### Problem statement
Each line below must be reproduced exactly as it stands. Pictures stay out of the copy.

### Recorded data
________________________________________
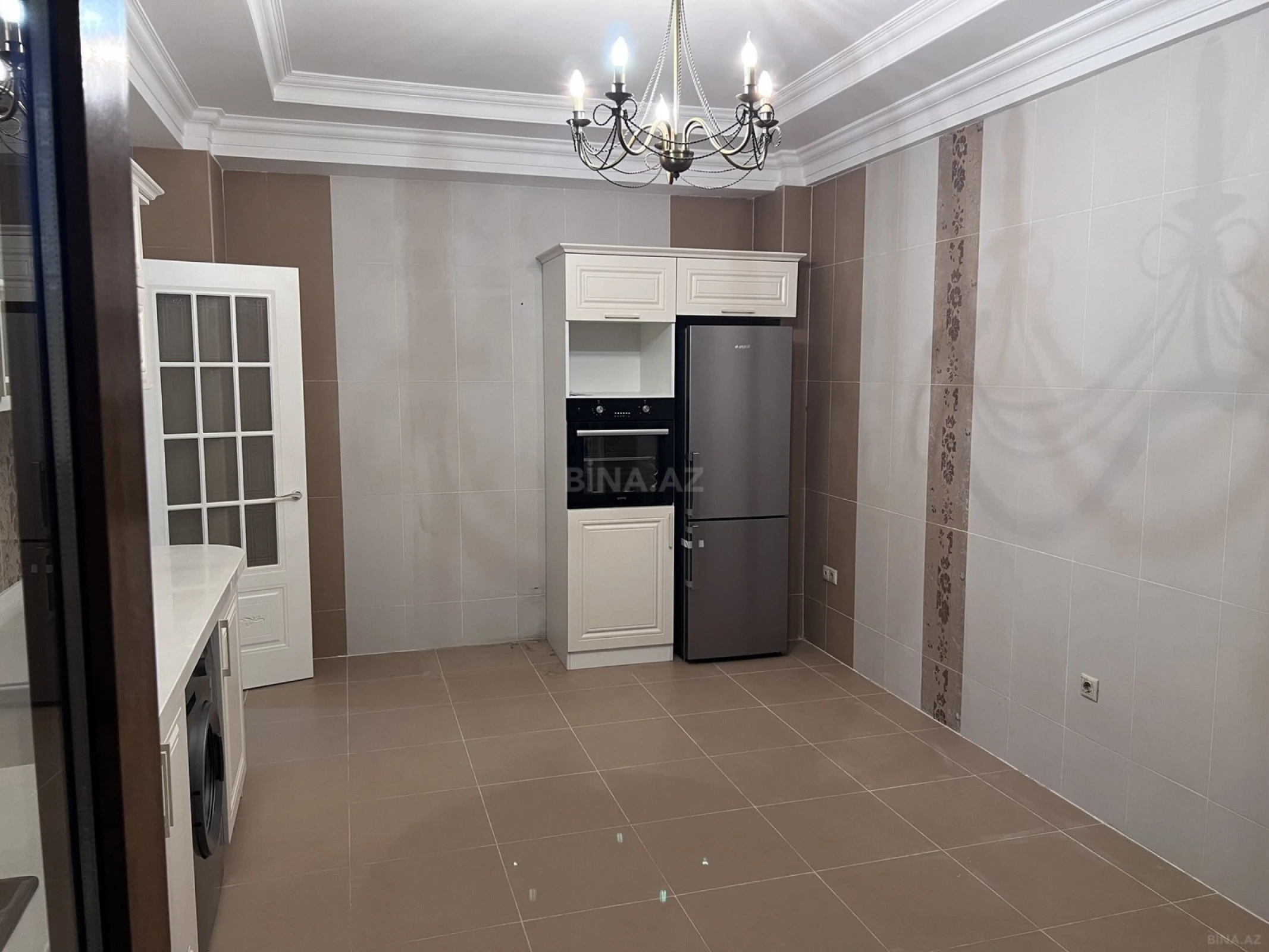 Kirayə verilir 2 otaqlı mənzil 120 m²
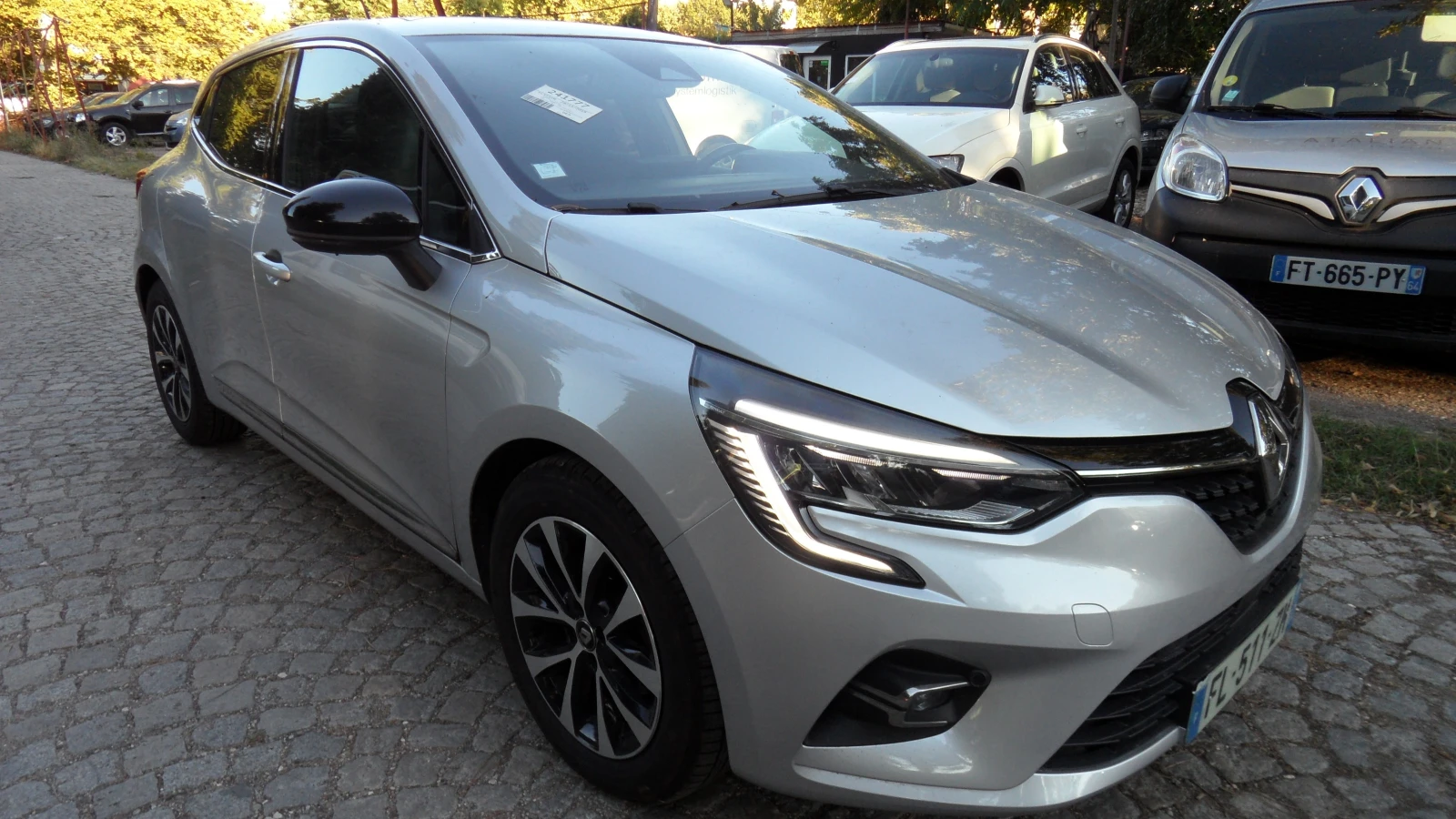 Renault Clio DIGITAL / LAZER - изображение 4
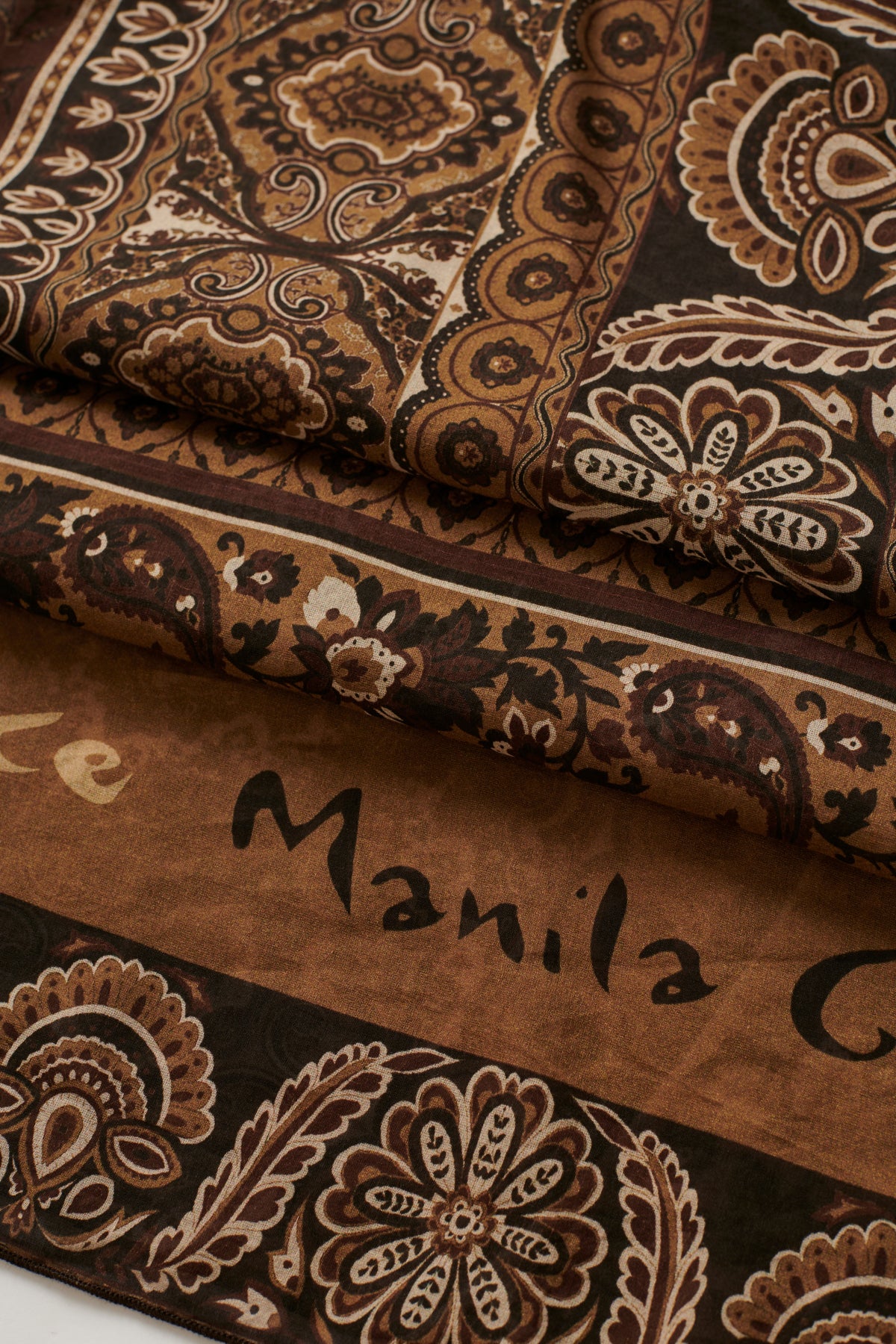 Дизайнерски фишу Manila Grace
________________________________________
### Result
 Kirayə verilir 2 otaqlı mənzil 120 m²
 Renault Clio DIGITAL / LAZER - изображение 4
 Дизайнерски фишу Manila Grace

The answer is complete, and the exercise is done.